Re: a few crazy ideas about hash joins

From: Tom Lane <tgl(at)sss(dot)pgh(dot)pa(dot)us>
To: Robert Haas <robertmhaas(at)gmail(dot)com>
Cc: Greg Stark <stark(at)enterprisedb(dot)com>, "Lawrence, Ramon" <ramon(dot)lawrence(at)ubc(dot)ca>, PostgreSQL-development <pgsql-hackers(at)postgresql(dot)org>
Subject: Re: a few crazy ideas about hash joins
Date: 2009-04-03 20:29:25
Message-ID: 21826.1238790565@sss.pgh.pa.us
Views: Raw Message | Whole Thread | Download mbox | Resend email
Thread:
Lists: pgsql-hackers

Robert Haas <robertmhaas(at)gmail(dot)com> writes:
> I don't see why hash_inner_and_outer can't walk the outer path looking
> for suitable hashes to reuse. I think the question is how aggressive
> we want to be in performing that search.

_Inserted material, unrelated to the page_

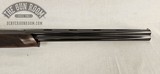 Browning Citori 725 Feather 20g W/ Chokes - Image 9 of 20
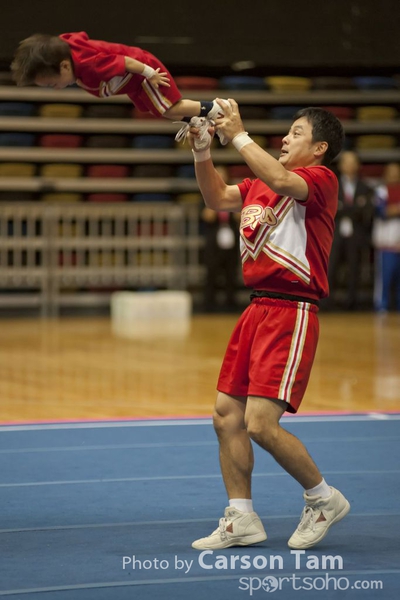 cheerleading_078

Correct, but you've got the details all wrong. The real problem is that
the planner might discard a join path hash(A,B) at level 2 because it
loses compared to, say, merge(A,B). But when we get to level three,
perhaps hash(hash(A,B),C) would've been the best plan due to synergy
of the two hashes. We'll never find that out unless we keep the
"inferior" hash path around. We can certainly do that; the question
is what's it going to cost us to allow more paths to survive to the
next join level. (And I'm afraid the answer may be "plenty"; it's a
combinatorial explosion we're looking at here.)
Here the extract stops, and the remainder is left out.